■ **PROBLEM DETAILS**
This exercise calls for the records to be repeated in full, exactly as written.

· · · · ·

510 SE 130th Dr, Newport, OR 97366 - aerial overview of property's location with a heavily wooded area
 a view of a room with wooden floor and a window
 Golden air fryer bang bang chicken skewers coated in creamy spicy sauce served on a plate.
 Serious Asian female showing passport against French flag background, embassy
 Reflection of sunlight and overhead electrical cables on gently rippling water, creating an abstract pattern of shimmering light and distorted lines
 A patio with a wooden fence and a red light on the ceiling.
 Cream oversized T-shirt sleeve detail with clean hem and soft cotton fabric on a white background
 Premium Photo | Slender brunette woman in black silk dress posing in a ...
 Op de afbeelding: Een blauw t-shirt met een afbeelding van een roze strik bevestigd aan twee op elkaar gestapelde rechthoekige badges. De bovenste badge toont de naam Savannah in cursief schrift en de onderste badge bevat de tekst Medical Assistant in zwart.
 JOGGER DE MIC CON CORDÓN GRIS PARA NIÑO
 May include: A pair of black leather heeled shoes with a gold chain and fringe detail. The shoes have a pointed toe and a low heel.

· · · · ·

■ **OUTPUT BELOW**
510 SE 130th Dr, Newport, OR 97366 - aerial overview of property's location with a heavily wooded area
 a view of a room with wooden floor and a window
 Golden air fryer bang bang chicken skewers coated in creamy spicy sauce served on a plate.
 Serious Asian female showing passport against French flag background, embassy
 Reflection of sunlight and overhead electrical cables on gently rippling water, creating an abstract pattern of shimmering light and distorted lines
 A patio with a wooden fence and a red light on the ceiling.
 Cream oversized T-shirt sleeve detail with clean hem and soft cotton fabric on a white background
 Premium Photo | Slender brunette woman in black silk dress posing in a ...
 Op de afbeelding: Een blauw t-shirt met een afbeelding van een roze strik bevestigd aan twee op elkaar gestapelde rechthoekige badges. De bovenste badge toont de naam Savannah in cursief schrift en de onderste badge bevat de tekst Medical Assistant in zwart.
 JOGGER DE MIC CON CORDÓN GRIS PARA NIÑO
 May include: A pair of black leather heeled shoes with a gold chain and fringe detail. The shoes have a pointed toe and a low heel.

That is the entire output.